── Data supplied

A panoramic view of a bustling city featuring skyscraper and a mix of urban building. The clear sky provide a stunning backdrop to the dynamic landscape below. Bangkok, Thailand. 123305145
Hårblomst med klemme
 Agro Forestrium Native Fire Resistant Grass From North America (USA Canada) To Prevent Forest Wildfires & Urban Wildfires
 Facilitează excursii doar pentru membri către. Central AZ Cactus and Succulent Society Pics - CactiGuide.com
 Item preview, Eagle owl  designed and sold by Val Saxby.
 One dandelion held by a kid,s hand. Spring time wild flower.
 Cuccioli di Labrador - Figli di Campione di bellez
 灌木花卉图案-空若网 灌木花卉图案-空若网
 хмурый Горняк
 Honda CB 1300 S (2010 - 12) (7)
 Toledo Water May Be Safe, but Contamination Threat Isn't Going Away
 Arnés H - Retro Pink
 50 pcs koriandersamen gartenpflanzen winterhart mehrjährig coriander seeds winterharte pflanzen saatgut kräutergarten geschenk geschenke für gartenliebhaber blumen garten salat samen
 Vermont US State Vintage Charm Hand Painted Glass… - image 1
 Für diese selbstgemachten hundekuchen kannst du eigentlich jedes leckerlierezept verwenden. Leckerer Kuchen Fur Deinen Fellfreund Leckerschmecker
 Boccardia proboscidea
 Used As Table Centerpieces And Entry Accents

────

## [Problem]
Give the lines from the one containing "Item preview, Eagle" through the end of the entries again, exactly as written and with no other lines.

## [Your response]
 Item preview, Eagle owl  designed and sold by Val Saxby.
 One dandelion held by a kid,s hand. Spring time wild flower.
 Cuccioli di Labrador - Figli di Campione di bellez
 灌木花卉图案-空若网 灌木花卉图案-空若网
 хмурый Горняк
 Honda CB 1300 S (2010 - 12) (7)
 Toledo Water May Be Safe, but Contamination Threat Isn't Going Away
 Arnés H - Retro Pink
 50 pcs koriandersamen gartenpflanzen winterhart mehrjährig coriander seeds winterharte pflanzen saatgut kräutergarten geschenk geschenke für gartenliebhaber blumen garten salat samen
 Vermont US State Vintage Charm Hand Painted Glass… - image 1
 Für diese selbstgemachten hundekuchen kannst du eigentlich jedes leckerlierezept verwenden. Leckerer Kuchen Fur Deinen Fellfreund Leckerschmecker
 Boccardia proboscidea
 Used As Table Centerpieces And Entry Accents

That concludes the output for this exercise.